Suslaidy Girat

Personal information
- Full name: Suslaidy Girat Rivero
- Nationality: Cuban
- Born: 19 August 1987 (age 38)

Sport
- Country: Cuba
- Sport: Women's Athletics

Medal record
| Event | 1st | 2nd | 3rd |
| Deaflympics | 6 | 1 | 1 |
Deaflympics
| Gold medal – first place | Taipei 2009 | 100m |
| Gold medal – first place | Taipei 2009 | long jump |
| Gold medal – first place | Sofia 2013 | 100m |
| Gold medal – first place | Sofia 2013 | triple jump |
| Gold medal – first place | Samsun 2017 | 100m |
| Gold medal – first place | Samsun 2017 | triple jump |
| Silver medal – second place | Samsun 2017 | long jump |
| Bronze medal – third place | Taipei 2009 | 200m |
ALBA Games
| Gold medal – first place | Barquisimeto 2011 | long jump |

= Suslaidy Girat =

Cuban athlete (born 1987)

Suslaidy Girat Rivero (born 19 August 1987) is a Cuban female deaf track and field athlete. She has competed at the Deaflympics in 2009, 2013 and in 2017 representing Cuba. Suslaidy Girat has won 8 medals in the Deaflympics including 6 gold medals and set the landmark for becoming the finest ever Cuban to have competed at the Deaflympics.

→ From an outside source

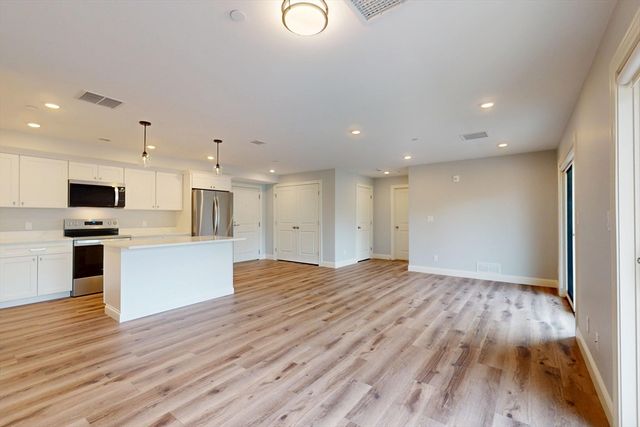 610 Salem Street 301, Wakefield, MA 01180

In the 2013 Summer Deaflympics, she broke the world record in the 100m individual competition for the deaf (women) with a timing of 11.71 seconds.

She also holds some unique records in Deaflympics for women in athletics such as 100m (11.71 seconds), long jump (6.13 seconds), triple jump (13.60 seconds).